Directions for this task: Starting at the line that has "Litorange 2 PCS" and stopping after the line that has "VEVOR Chicken Nesting", reproduce the listing below exactly; omit everything else.

Materials provided:
+++++

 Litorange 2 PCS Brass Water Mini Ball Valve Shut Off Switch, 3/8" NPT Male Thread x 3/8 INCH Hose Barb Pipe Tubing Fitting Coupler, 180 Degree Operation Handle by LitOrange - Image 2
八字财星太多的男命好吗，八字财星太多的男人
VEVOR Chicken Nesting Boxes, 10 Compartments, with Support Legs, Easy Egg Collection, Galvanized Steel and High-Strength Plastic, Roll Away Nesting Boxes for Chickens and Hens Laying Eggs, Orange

+++++

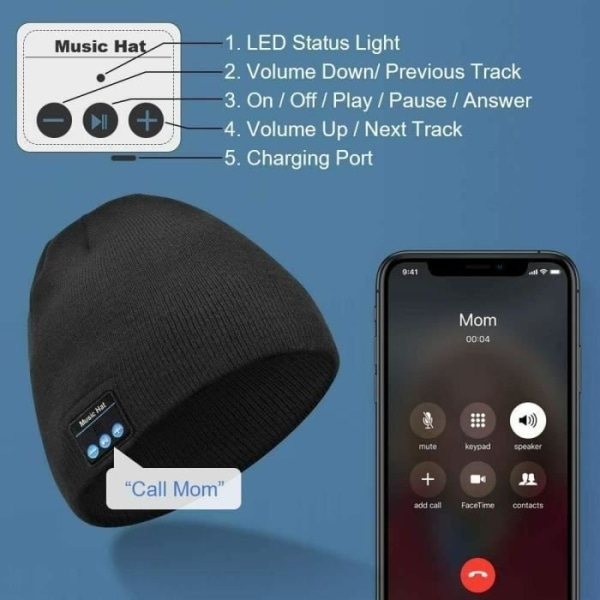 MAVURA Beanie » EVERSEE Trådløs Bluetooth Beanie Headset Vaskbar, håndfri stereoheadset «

+++++

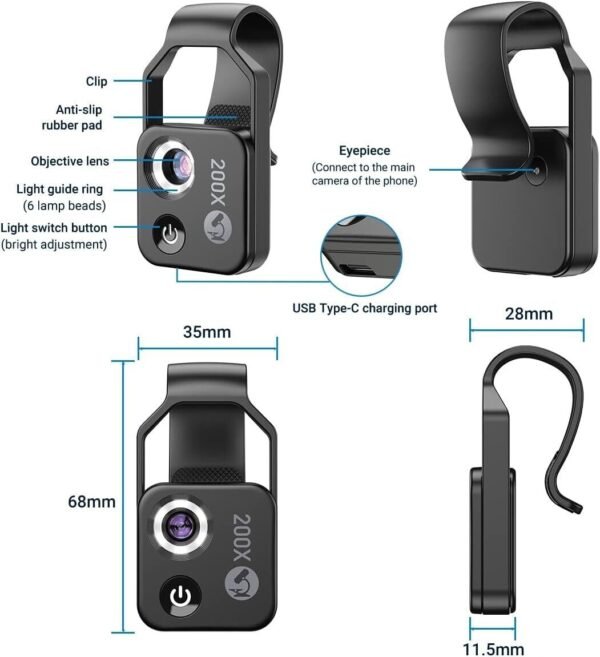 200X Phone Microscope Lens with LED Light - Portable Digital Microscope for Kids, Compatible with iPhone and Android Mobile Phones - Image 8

+++++

Answer to the problem:
 Litorange 2 PCS Brass Water Mini Ball Valve Shut Off Switch, 3/8" NPT Male Thread x 3/8 INCH Hose Barb Pipe Tubing Fitting Coupler, 180 Degree Operation Handle by LitOrange - Image 2
八字财星太多的男命好吗，八字财星太多的男人
VEVOR Chicken Nesting Boxes, 10 Compartments, with Support Legs, Easy Egg Collection, Galvanized Steel and High-Strength Plastic, Roll Away Nesting Boxes for Chickens and Hens Laying Eggs, Orange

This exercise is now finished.